▶ [Task prompt] Extract exactly those lines that lie between the start of the material and the line with "Hermes Suede Goatskin", including both boundary lines and no others.

▶ [Material supplied]
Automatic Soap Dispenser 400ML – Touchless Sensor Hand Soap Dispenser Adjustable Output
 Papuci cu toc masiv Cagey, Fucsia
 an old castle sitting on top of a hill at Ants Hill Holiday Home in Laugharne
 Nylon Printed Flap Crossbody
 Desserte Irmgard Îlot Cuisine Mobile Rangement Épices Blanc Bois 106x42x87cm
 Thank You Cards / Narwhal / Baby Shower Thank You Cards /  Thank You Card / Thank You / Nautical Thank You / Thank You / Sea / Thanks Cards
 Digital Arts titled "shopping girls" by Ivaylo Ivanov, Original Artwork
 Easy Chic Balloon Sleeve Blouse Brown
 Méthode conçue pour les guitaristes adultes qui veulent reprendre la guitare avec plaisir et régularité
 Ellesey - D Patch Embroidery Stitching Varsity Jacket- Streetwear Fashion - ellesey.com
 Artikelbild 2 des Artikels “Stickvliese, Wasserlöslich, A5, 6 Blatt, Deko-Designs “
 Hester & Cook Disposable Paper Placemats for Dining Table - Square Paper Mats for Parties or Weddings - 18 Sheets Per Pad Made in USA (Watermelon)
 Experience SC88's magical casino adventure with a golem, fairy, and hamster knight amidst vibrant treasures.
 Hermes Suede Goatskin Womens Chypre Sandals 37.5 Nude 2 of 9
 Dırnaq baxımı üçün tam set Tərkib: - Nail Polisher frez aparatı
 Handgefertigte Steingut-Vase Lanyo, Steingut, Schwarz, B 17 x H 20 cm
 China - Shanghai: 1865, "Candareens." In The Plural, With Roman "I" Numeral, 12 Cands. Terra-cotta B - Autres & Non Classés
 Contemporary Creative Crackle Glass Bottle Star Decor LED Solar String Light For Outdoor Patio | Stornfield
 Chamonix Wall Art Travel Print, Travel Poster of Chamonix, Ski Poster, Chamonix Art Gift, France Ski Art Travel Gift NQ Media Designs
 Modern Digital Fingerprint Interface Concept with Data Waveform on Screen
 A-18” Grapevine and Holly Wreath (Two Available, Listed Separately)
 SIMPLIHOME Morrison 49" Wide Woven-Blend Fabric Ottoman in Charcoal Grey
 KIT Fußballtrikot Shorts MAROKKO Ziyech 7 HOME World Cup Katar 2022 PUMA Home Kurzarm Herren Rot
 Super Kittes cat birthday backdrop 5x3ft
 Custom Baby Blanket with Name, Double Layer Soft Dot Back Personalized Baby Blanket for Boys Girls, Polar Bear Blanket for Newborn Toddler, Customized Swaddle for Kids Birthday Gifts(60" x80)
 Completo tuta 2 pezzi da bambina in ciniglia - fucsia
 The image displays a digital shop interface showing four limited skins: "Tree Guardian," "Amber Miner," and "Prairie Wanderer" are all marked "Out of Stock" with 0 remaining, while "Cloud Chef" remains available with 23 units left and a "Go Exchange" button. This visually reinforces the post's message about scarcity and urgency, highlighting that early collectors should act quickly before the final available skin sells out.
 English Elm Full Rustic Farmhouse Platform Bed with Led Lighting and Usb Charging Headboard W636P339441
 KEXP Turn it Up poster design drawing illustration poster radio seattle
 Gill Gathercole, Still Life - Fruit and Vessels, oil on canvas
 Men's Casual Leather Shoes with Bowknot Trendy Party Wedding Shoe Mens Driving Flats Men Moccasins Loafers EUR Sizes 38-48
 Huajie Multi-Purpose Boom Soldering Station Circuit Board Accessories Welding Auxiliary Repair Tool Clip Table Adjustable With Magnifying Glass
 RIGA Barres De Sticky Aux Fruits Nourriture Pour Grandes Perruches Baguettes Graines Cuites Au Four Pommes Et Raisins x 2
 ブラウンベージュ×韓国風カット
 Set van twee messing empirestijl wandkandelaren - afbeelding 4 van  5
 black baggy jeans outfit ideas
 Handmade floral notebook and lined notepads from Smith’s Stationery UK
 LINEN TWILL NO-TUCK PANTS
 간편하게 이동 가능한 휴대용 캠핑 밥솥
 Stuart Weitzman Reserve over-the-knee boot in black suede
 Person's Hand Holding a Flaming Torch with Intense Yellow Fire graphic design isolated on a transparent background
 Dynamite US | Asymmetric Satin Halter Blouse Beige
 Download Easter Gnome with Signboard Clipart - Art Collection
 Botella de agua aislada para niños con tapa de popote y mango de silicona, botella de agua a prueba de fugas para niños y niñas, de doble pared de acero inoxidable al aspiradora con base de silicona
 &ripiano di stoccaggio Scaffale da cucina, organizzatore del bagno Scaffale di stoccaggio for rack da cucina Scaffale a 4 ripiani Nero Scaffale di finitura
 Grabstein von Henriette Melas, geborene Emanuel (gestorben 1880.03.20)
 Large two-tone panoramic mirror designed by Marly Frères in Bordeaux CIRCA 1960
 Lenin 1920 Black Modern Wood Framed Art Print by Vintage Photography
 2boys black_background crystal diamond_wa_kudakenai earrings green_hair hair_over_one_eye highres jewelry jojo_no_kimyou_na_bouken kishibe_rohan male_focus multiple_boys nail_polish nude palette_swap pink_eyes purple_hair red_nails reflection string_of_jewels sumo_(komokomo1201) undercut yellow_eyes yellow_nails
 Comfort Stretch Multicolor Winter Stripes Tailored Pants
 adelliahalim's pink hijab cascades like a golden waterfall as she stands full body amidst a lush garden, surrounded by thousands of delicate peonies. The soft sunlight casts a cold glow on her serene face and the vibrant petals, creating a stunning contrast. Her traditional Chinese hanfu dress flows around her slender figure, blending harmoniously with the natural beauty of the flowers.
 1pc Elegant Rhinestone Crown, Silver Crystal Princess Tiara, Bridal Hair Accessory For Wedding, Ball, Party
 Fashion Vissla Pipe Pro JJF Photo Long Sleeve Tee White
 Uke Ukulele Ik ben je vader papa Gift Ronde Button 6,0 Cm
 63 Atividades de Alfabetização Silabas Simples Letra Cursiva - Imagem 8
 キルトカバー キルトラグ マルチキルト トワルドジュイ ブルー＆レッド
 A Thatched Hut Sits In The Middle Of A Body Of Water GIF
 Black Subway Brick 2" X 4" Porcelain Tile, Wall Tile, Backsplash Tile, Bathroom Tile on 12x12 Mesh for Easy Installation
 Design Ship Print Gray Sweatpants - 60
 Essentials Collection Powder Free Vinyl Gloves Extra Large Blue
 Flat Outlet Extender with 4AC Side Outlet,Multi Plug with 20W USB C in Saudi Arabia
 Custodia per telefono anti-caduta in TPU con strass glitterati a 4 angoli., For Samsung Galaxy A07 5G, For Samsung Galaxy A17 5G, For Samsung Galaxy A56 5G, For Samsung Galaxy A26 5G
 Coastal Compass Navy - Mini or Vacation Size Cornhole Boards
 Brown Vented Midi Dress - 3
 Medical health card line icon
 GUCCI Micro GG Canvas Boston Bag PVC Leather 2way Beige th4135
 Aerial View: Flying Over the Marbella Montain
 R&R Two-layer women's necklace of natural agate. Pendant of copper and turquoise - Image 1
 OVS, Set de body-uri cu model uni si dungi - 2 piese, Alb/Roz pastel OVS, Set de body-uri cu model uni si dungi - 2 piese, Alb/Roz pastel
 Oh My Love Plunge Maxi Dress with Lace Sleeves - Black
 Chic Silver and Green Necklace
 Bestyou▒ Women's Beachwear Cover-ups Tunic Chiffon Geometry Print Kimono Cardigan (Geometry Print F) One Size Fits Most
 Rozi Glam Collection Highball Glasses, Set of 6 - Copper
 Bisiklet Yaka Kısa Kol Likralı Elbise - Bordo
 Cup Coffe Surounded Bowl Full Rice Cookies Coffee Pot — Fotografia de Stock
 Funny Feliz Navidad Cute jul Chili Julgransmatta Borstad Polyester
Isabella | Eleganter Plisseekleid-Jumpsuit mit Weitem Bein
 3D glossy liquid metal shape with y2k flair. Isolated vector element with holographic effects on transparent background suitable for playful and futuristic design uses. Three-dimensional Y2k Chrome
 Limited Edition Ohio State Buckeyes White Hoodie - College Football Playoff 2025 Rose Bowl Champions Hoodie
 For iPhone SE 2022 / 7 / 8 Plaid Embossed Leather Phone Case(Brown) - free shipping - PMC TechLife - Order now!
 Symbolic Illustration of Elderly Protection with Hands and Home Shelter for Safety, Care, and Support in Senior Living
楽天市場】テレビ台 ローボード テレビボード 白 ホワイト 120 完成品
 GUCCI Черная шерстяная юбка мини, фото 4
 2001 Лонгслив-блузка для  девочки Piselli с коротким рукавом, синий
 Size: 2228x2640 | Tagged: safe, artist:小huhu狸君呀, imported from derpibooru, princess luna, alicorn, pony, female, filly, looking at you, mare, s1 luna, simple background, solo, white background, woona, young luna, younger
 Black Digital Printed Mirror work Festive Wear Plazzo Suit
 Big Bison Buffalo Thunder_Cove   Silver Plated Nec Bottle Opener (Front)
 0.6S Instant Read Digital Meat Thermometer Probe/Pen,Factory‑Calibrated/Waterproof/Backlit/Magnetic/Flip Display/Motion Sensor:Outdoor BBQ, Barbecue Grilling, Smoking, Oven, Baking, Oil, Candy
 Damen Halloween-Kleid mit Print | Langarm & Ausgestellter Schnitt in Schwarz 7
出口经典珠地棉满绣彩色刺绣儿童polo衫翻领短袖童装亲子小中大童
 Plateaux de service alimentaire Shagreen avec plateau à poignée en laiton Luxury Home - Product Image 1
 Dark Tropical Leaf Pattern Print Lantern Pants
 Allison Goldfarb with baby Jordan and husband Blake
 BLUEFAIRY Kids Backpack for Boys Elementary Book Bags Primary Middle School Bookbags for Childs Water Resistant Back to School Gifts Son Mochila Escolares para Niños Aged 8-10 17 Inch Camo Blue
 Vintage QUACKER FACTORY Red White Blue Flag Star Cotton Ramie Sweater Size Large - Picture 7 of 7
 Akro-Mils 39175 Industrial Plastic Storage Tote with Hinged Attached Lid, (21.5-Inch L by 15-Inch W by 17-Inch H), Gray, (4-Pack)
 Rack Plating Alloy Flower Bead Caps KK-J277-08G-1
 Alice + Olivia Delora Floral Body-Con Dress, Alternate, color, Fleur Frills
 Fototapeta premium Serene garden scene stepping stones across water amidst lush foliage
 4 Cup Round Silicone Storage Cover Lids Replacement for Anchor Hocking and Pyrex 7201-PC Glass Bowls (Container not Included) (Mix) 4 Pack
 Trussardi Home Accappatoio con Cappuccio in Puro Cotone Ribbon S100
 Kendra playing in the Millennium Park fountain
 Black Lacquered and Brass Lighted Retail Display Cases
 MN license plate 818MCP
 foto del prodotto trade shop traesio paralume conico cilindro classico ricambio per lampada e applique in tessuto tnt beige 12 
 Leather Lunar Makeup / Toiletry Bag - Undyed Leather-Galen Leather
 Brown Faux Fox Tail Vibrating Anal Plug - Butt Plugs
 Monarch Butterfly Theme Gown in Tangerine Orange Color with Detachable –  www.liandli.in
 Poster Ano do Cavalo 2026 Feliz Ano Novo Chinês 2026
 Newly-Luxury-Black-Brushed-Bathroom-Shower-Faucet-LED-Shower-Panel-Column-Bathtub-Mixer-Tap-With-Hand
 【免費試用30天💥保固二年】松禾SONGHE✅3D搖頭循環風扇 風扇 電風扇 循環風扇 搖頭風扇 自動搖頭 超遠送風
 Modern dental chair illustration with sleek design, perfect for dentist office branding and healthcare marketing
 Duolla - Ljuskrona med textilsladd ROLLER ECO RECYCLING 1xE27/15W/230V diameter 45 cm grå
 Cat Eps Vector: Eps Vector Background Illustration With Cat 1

▶ [Answer to this exercise]
Automatic Soap Dispenser 400ML – Touchless Sensor Hand Soap Dispenser Adjustable Output
 Papuci cu toc masiv Cagey, Fucsia
 an old castle sitting on top of a hill at Ants Hill Holiday Home in Laugharne
 Nylon Printed Flap Crossbody
 Desserte Irmgard Îlot Cuisine Mobile Rangement Épices Blanc Bois 106x42x87cm
 Thank You Cards / Narwhal / Baby Shower Thank You Cards /  Thank You Card / Thank You / Nautical Thank You / Thank You / Sea / Thanks Cards
 Digital Arts titled "shopping girls" by Ivaylo Ivanov, Original Artwork
 Easy Chic Balloon Sleeve Blouse Brown
 Méthode conçue pour les guitaristes adultes qui veulent reprendre la guitare avec plaisir et régularité
 Ellesey - D Patch Embroidery Stitching Varsity Jacket- Streetwear Fashion - ellesey.com
 Artikelbild 2 des Artikels “Stickvliese, Wasserlöslich, A5, 6 Blatt, Deko-Designs “
 Hester & Cook Disposable Paper Placemats for Dining Table - Square Paper Mats for Parties or Weddings - 18 Sheets Per Pad Made in USA (Watermelon)
 Experience SC88's magical casino adventure with a golem, fairy, and hamster knight amidst vibrant treasures.
 Hermes Suede Goatskin Womens Chypre Sandals 37.5 Nude 2 of 9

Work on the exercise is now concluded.